If id_entry is common for all members of a tree, you can avoid needing to track id_root. You should create a UNIQUE constraint on (id_entry, id) and a foreign key constraint on FOREIGN KEY (id_entry, id_ancestor) REFERENCES (id_entry, id) to make sure that the ordering is consistent, then use:
WITH RECURSIVE walk(id, id_ancestor, id_entry, bool_flag, generation) AS (
SELECT id, id_ancestor, id_entry, bool_flag, 0
FROM RELATIONSHIP_TABLE
WHERE id_ancestor IS NULL
UNION ALL
SELECT x.id, x.id_ancestor, x.id_entry, x.bool_flag, walk.generation + 1
FROM RELATIONSHIP_TABLE x INNER JOIN walk ON x.id_ancestor = walk.id
)
SELECT
id_entry, id
FROM (
SELECT
id, id_entry, bool_flag, generation,
max(CASE WHEN bool_flag THEN generation END ) OVER w as max_enabled_generation
FROM walk
WINDOW w AS (PARTITION BY id_entry ROWS BETWEEN CURRENT ROW AND UNBOUNDED FOLLOWING)
) x
WHERE generation = max_enabled_generation;
Since this gives you a table of final descendents matched up with root parents, you can just filter with a regular WHERE clause now, just append AND bool_flag. If you instead want to exclude chains that have bool_flag set to false at any point along the way, you can add WHERE bool_value in the RECURSIVE query's join.
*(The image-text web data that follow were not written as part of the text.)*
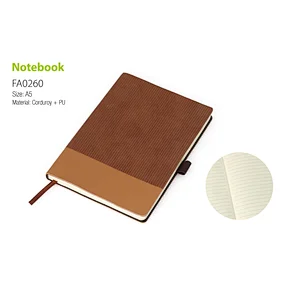 2021 New Style PU Diary Notebook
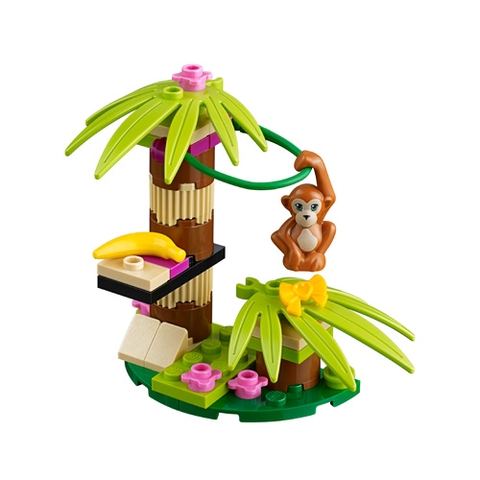 Bộ xếp hình Lego Friends 41045 - Vườn chuối của khỉ con dành cho bé từ 5 đến 12 tuổi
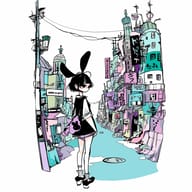 an example of an Sticker style image generated in MidJourney using the prompt with the --sref 1375720786, ranked 4th among the user favorites on this website.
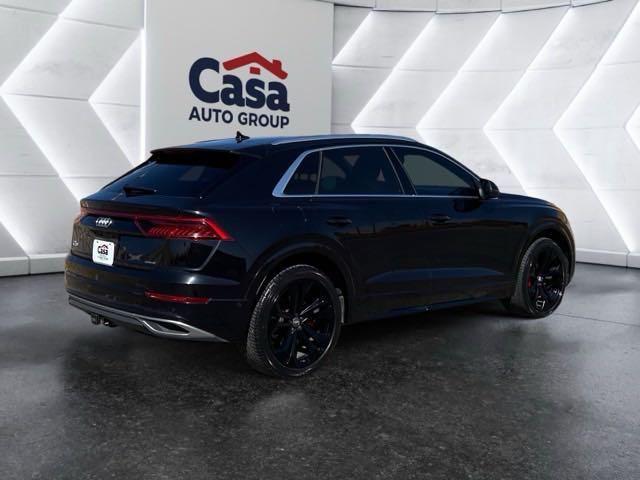 used 2019 Audi Q8 car, priced at $35,700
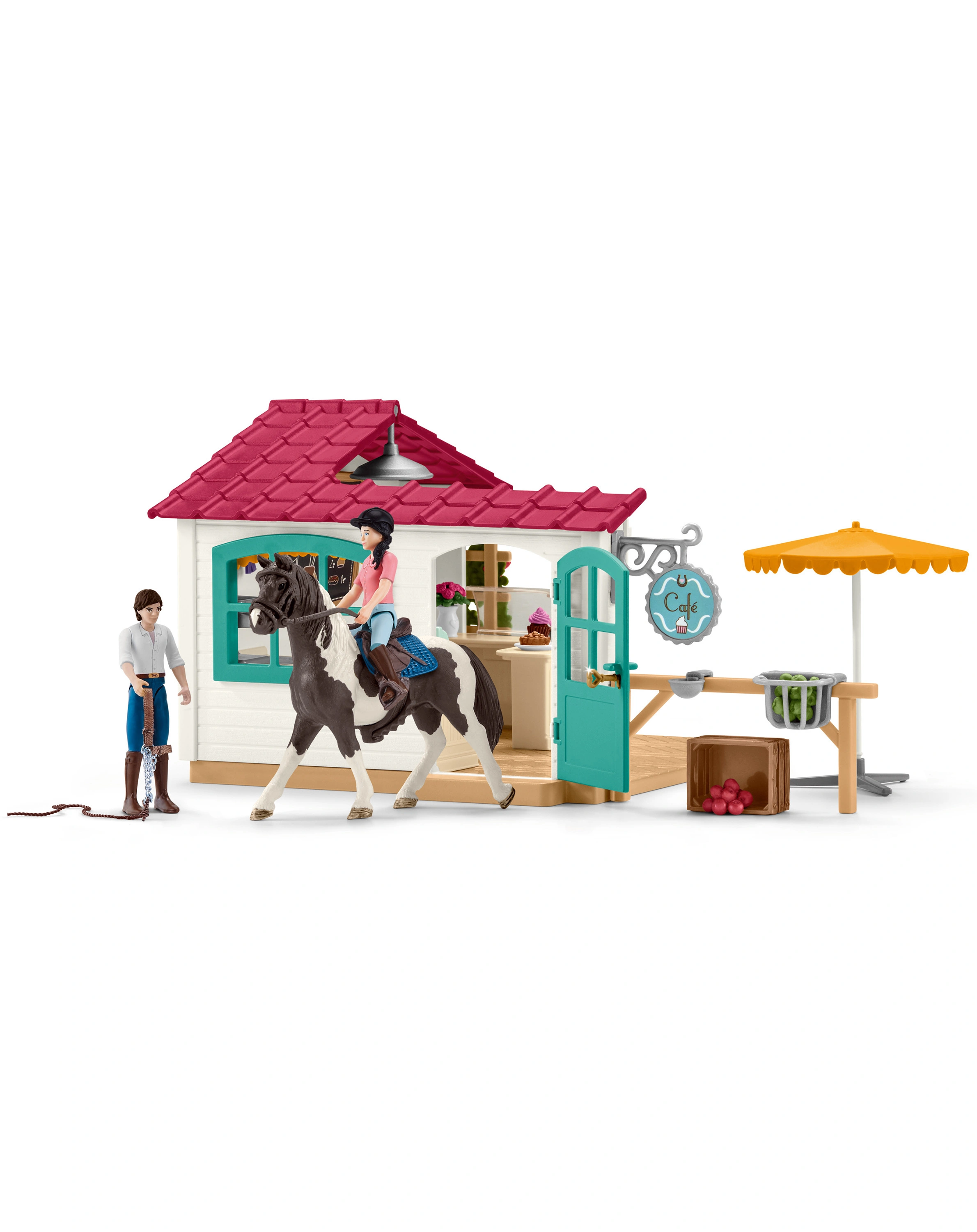 schleich® 42592 Horse Club - Reiter-Café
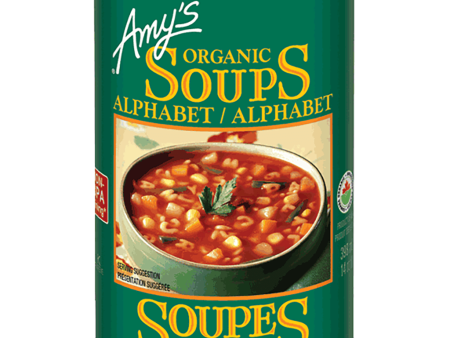 Soupe Alphabet Bio Online now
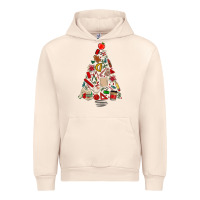 Sandshell teacher christmas tree Urban Hoodie - MaliasSmallBusiness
SQLFiddle example: http://sqlfiddle.com/#!12/92a64/3
WITH RECURSIVE tail AS (
SELECT id AS opa
, id, bool_flag FROM boolshit
WHERE bool_flag = True
UNION ALL
SELECT t.opa AS opa
, b.id, b.bool_flag FROM boolshit b
JOIN tail t ON b.id_ancestor = t.id
)
SELECT *
FROM boolshit bs
WHERE bs.bool_flag = True
AND NOT EXISTS (
SELECT * FROM tail t
WHERE t.opa = bs.id
AND t.id <> bs.id
AND t.bool_flag = True
);
Explanation: select all records that have the bool_flag set,
EXCEPT those that have offspring (direct or indirect) that have the bool_flag set, too. This effectively picks the last record of the chain that has the flag set.